Aussi bien l’empereur, outre les préparatifs de son mariage, qu’il voulait entourer de la plus grande magnificence, ne manquait pas en ce moment d’occupations. C’était vers l’arrangement laborieux des affaires de l’église de France qu’était principalement tourné l’effort de son intelligence, restée toujours si puissante, mais où la fantaisie prenait de plus en plus le pas sur la raison. La guerre avait cessé; il entrevoyait devant lui des années de repos. « C’était, pensait-il, le moment de finir les affaires de Rome[2]. » Mais comment les finir? Cela lui paraissait très simple. « Les affaires temporelles seront terminées, dit une note de lui insérée dans sa correspondance à la date du 1er janvier 1810 et dont la minute est gardée, à ce qu’il paraît, aux archives impériales, les affaires temporelles seront terminées aussitôt que le sénatus-consulte sera publié. Il peut l’être très promptement, et cela peut être fait dans le cours de la semaine prochaine. Le conseil privé se réunirait mardi, le sénat se rassemblerait jeudi, et le sénatus-consulte se rendrait lundi... » Suivait le plan du sénatus-consulte. « Un sénatus-consulte de cette nature, continuait l’empereur, dès qu’il aura été rendu, fera voir au pape que tout est terminé[3]. » Après le projet de sénatus-consulte, rendu effectivement le 17 février 1810, vient le projet d’une lettre au pape dont nous citerons quelques passages, parce qu’elle peint au vif les sentimens impétueux et comme désordonnés auxquels l’empereur était alors en proie.

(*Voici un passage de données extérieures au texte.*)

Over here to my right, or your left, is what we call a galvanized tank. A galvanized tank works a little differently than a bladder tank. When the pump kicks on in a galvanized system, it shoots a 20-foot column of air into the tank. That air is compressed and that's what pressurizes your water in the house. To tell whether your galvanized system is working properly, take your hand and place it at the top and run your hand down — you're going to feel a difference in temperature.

« Très saint père,... votre sainteté a oublié les principes de la justice et de la charité lorsqu’elle a publié une bulle qui excommunie une partie de mes sujets. C’est pour bénir et pour affermir les trônes et non pour

  1. M. de Laborde avait le don des heureuses reparties. A quelques années de distance, l’empereur, qui ne faisait plus guère attention à lui, et l’avait à peu près oublié, lui dit un jour en passant: « Eh bien! monsieur de Laborde, vous voilà maintenant l’aîné de mes maîtres des requêtes. — Oui, sire, et toujours le cadet de vos soucis! »
  2. Note insérée dans la Correspondance de l’empereur, t. XX, p. 169.
  3. Ibid.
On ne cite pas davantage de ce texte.